Читать «Морган ускользает» онлайн - страница 59

Энн Тайлер

Так все и шло, потихоньку да полегоньку. Подобные штуки мало-помалу берут человека измором.

5

Девочка изменила их жизнь до неузнаваемости. Можно было подумать, что существо столь малое просто заполнит в ней пару свободных ниш, а дальше все пойдет как прежде, – ничего подобного. С самого начала она словно поглощала родителей. Даже в младенчестве Гина была напористо общительной, шумной, полной энтузиазма, вечно бодрствующей, задремывала она редко и все время пыталась встать на ноги. На ночь они укладывали ее ничком, и голова ее немедля приподнималась, шатко покачиваясь, а глаза распахивались так широко, что лоб становился будто гофрированным.

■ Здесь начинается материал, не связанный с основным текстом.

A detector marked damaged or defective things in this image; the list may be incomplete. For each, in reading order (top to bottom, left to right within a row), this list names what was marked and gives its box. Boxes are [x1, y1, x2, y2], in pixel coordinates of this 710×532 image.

Ей нравилось, когда с ней разговаривали, когда ей пели, подбрасывали ее в воздух. А подросши, она влюбилась в волка из «Красной Шапочки», пришлось отдать эту куклу ей. И если она вообще спала, то с прижатым к щеке волком, сонно покручивая его красный войлочный язык. Тот периодически отваливался, и тогда Гина приходила в совершенное отчаяние – плакала, цеплялась за Эмили, пока она не пришивала язык обратно. А еще девочка не любила отпускать родителей от себя. Жившая по другую сторону их лестничной площадки Ханна Майлз всегда была рада посидеть с ней, но каждый раз, как Эмили и Леон собирались куда-нибудь уйти, Гина плакала так, точно у нее сердце разрывалось, и Эмили приходилось оставаться. Если же Леон упорствовал, она все-таки шла с ним, но мысленно была с Гиной и, пока они сидели в кино или где-то еще, беспокойно ерзала, застегивая и расстегивая плащ и не слыша ни слова. В итоге Леон начинал сердиться, они ссорились, затея с выходом из дому шла насмарку, а затем, возвращаясь домой, видели и не думавшую спать Гину, которая, улыбаясь, разглядывала с Ханной книжки – в одиннадцать, а то и в двенадцать ночи – и возвращения родителей словно не замечала.

Конечно, Эмили с Леоном никогда не задавались вопросом, стоит ли она таких усилий. Вокруг Гины вращалась вся их жизнь. Они могли бесконечно восхищаться ее маленьким, холодным носиком, пухлыми, в складках пальчиками или совершенной формы губами. Когда же девочка наконец засыпала, квартира делалась без ее неистовой живости как будто необитаемой. Эмили слонялась по комнатам, не зная, чем себя занять, хотя весь день ей хотелось сделать столь многое, а возможности хотя бы начать не было. Она только диву давалась, как им удалось породить подобное дитя. Сама Эмили всегда была такой тихой, готовой всем угодить; в Леоне ощущалась пылкость Гины, но не было ее веселого добродушия. Откуда оно взялось? Эльфы ее подменили, что ли? Она явилась на свет с качествами, которыми ее родители не обладали. Это дитя гномов, не их.

Он стоял в двери прачечной – шляпа опущена почти на глаза – и, когда они проходили мимо, отступал в темноту. Временами шляпа была остроконечной, временами плоской, временами широкополой. Иногда он выглядел постаревшим, ослабшим, словно распадавшимся, как это бывает с некоторыми людьми; однажды они увидели на нем очки в золотой оправе, а потом он так коротко подстриг бороду, что казалось, словно просто забыл побриться. И вдруг вернулся чудотворно помолодевшим, без очков, с пышной бородой. Случалось, что он утрачивал сходство с гномом и обращался в носатого, видного собой господина в костюме настолько аккуратном, что можно было подумать, будто кто-то его специально приодел. Иной раз он появлялся на кукольных представлениях и вовсе не выглядел там неуместно. Походка его, которую они узнали бы мгновенно, словно принадлежала человеку более молодому – бесшабашная, стремительная поступь, почти пробежка, ноги приподнимаются, сгибаясь в коленях, и опускаются на подушечки ступней. А как-то они увидели, что он медленно, со смиренной осторожностью пожившего человека выступает из магазина поношенной одежды; волосы он в то время отпустил до неуместной длины, беспорядочные, растрепанные, они жалостно свисали ниже воротника. В Рождество Леон вроде бы заметил его на спектакле аж под самым Вашингтоном; впрочем, сказал Леон, это мог быть и кто-то всего лишь похожий на него. Однако немного позже Леон признался, что думать, будто это не он, было глупо (в конце концов, он где только не возникал) – невозможно даже вообразить, что в каком угодно месте и в какое угодно время может обнаружиться человек, хотя бы отдаленно похожий на Моргана.